*** DATA LISTING ***

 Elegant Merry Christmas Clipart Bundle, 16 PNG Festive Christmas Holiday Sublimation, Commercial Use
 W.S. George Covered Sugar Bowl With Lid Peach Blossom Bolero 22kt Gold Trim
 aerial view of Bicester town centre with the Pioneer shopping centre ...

*** End of DATA LISTING ***
*** DATA LISTING ***

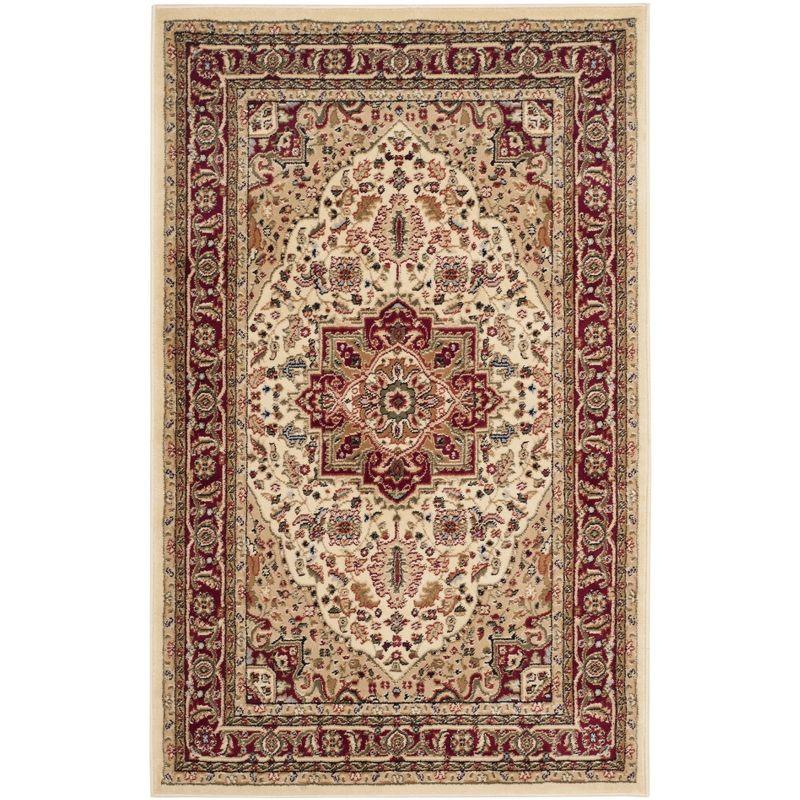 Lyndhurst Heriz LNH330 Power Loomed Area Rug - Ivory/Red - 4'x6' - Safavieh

*** End of DATA LISTING ***

## BRIEF
Look above for the line that contains "Elegant Merry Christmas". Starting there, transcribe every line exactly until you have copied the line that contains "aerial view of".

## EXERCISE OUTPUT
 Elegant Merry Christmas Clipart Bundle, 16 PNG Festive Christmas Holiday Sublimation, Commercial Use
 W.S. George Covered Sugar Bowl With Lid Peach Blossom Bolero 22kt Gold Trim
 aerial view of Bicester town centre with the Pioneer shopping centre ...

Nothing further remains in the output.